> **THE PROBLEM**:
From the line containing "Best Commercial Building" through the last line of the data, both ends included, write out every line exactly; omit the pictures.

> **RECORDS SHOWN**:

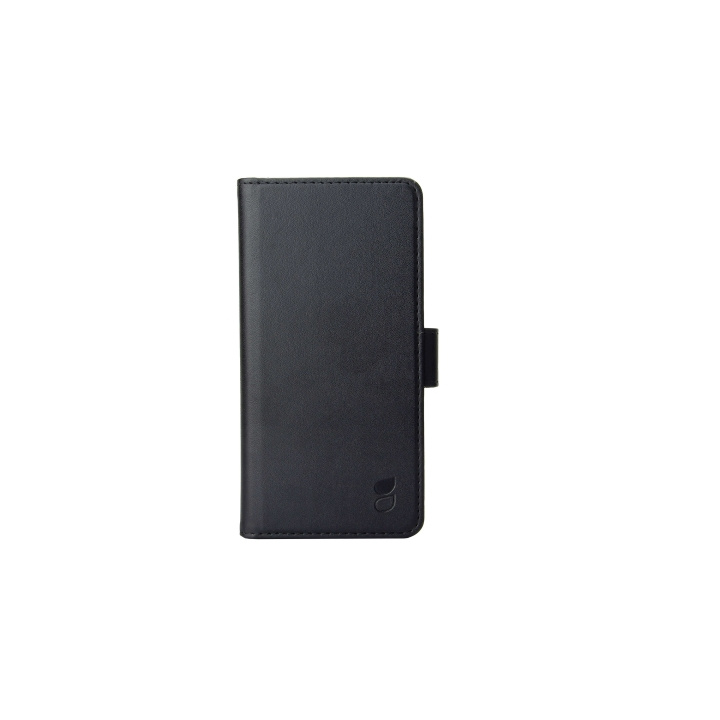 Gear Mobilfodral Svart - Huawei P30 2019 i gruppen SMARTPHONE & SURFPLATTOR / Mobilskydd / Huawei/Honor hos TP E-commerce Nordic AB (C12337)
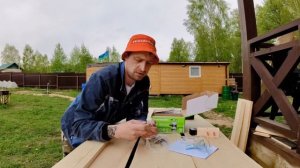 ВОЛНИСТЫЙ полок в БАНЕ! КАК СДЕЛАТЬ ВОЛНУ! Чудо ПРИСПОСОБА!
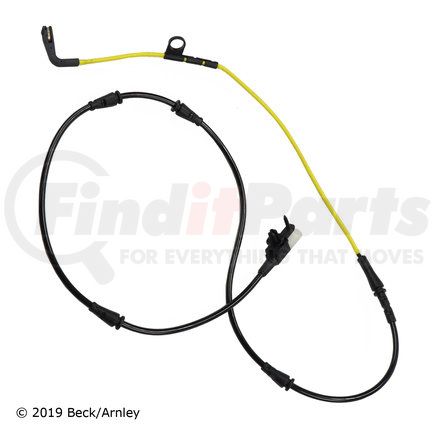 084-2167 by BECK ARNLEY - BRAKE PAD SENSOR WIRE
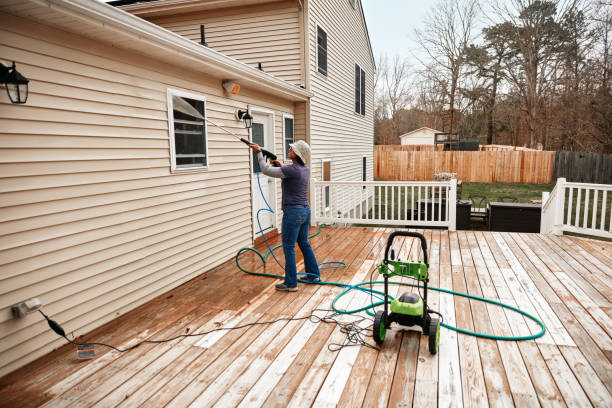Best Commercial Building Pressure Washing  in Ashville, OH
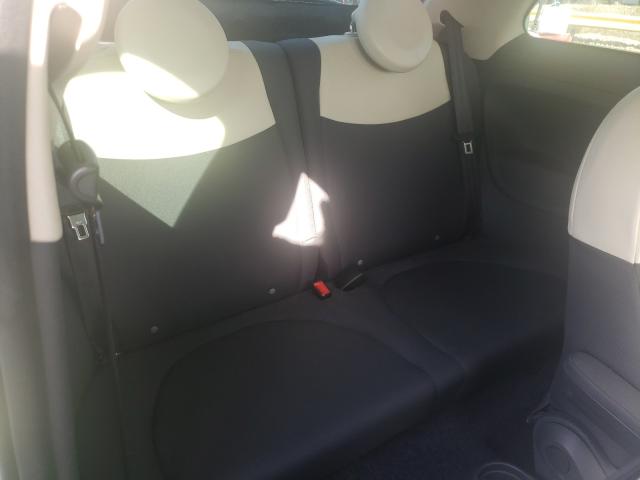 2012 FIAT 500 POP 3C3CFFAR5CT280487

> **SOLVED PROBLEM**:
Best Commercial Building Pressure Washing  in Ashville, OH
 2012 FIAT 500 POP 3C3CFFAR5CT280487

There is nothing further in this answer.